Il en aurait été sans doute de même pour l’opération avortée du rachat de Bouygues Telecom par Orange, car il semble que ce dernier, depuis la cession de ses participations dans EE et, en dépit de l’acquisition de l’espagnol Jazztel l’année dernière, réaliserait plus des deux tiers de son chiffre d’affaires en France (4).

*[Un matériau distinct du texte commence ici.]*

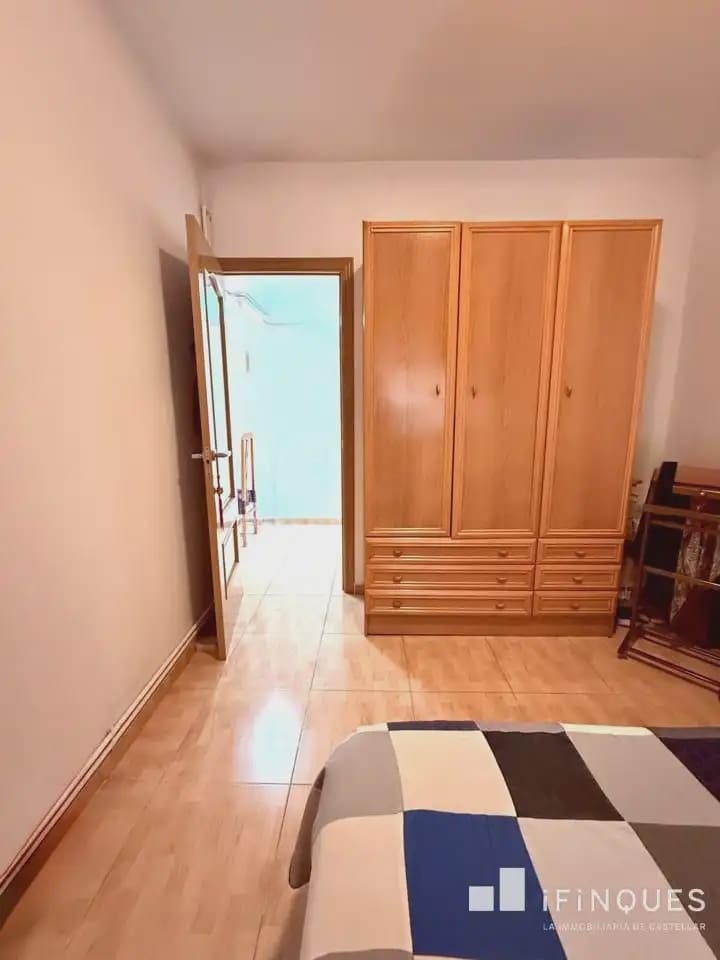 4 bedroom Apartment for sale in Castellar del Valles - € 219,900 (Ref: 9848421)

Dans le cas du projet de rachat d’O2 par Three UK, la dimension communautaire de l’opération ne faisait guère de doute au regard de l’appartenance des deux sociétés à des groupes dont la taille et la présence à l’international sont considérables. De ce point de vue, le marché français est assez atypique avec quatre opérateurs dont la plus grande part de l’activité mobile se concentre en France.
C’est ainsi que l’opération a été notifiée à la Commission européenne le 11 septembre 2015. A compter de cette date celle-ci disposait d’un délai de 25 jours ouvrables pour décider d’autoriser cette l’opération (phase I) ou d’ouvrir une enquête approfondie (phase II).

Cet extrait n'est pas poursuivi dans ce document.